Along with the Russian, Gracie Gold of Team USA and Japan's Mao Asada were standouts in the team competition. Despite a fall from Asada, which dropped her down to third, she clearly has the technique to contend for gold.
But with South Korean star Yuna Kim waiting in the wings, it might be a fight for any of the aforementioned contestants just to finish with a silver medal. Regardless of where she finishes in the individual competition, Lipnitskaya will shine once again for Russia.
Meryl Davis and Charlie White, USA
Serving as the veteran leaders for the Americans, Davis and White have represented their country to the best of their abilities throughout the Olympics thus far.
The ice-dancing tandem hasn't shown a single imperfection during their two performances and are still the odds-on favorite to win their first individual gold when they hit the ice.

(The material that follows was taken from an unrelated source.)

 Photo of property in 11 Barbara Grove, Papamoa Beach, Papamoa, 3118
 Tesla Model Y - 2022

As the only winners during the team competition, American Ashley Wagner credited the duo for winning her first Olympic medal:
But White and Davis aren't the only competitors looking to shine on the Olympic stage. The Canadian duo of Tessa Virtue and Scott Moir won the gold medal in 2010, but haven't looked up to the challenge in Sochi.
There are reports judges are fixing scores to make sure Virtue and Moir don't win the events, as The Hamilton Spectator reports. Even though the rumors are swirling in Sochi, White said he and his partner will not be distracted, according to Gregg Krupa of The Detroit News:
You know, I think what's great about us is that having been together for 17 years and having been through the sport and ups and downs, we sort of live by our own expectations, and coming into each event we just want to do our best.

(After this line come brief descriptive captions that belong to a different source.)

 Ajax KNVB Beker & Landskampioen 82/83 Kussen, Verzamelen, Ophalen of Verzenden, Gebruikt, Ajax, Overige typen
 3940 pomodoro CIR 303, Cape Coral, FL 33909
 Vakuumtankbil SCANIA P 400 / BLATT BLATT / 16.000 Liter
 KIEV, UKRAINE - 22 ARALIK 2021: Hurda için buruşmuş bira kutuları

And so, we don't let any sort of external factors, be it big or small, play into any sort of equation of what we're doing or what we're expecting or how we want to skate
We're loving that we had a great first skate. So we're just trying to keep the ball rolling.
With the duo appearing unfazed by any outside factors en route to what they hope will be their first Olympic gold medal after nearly two decades of preparing for this moment, expect Davis and White to melt the ice for the Americans.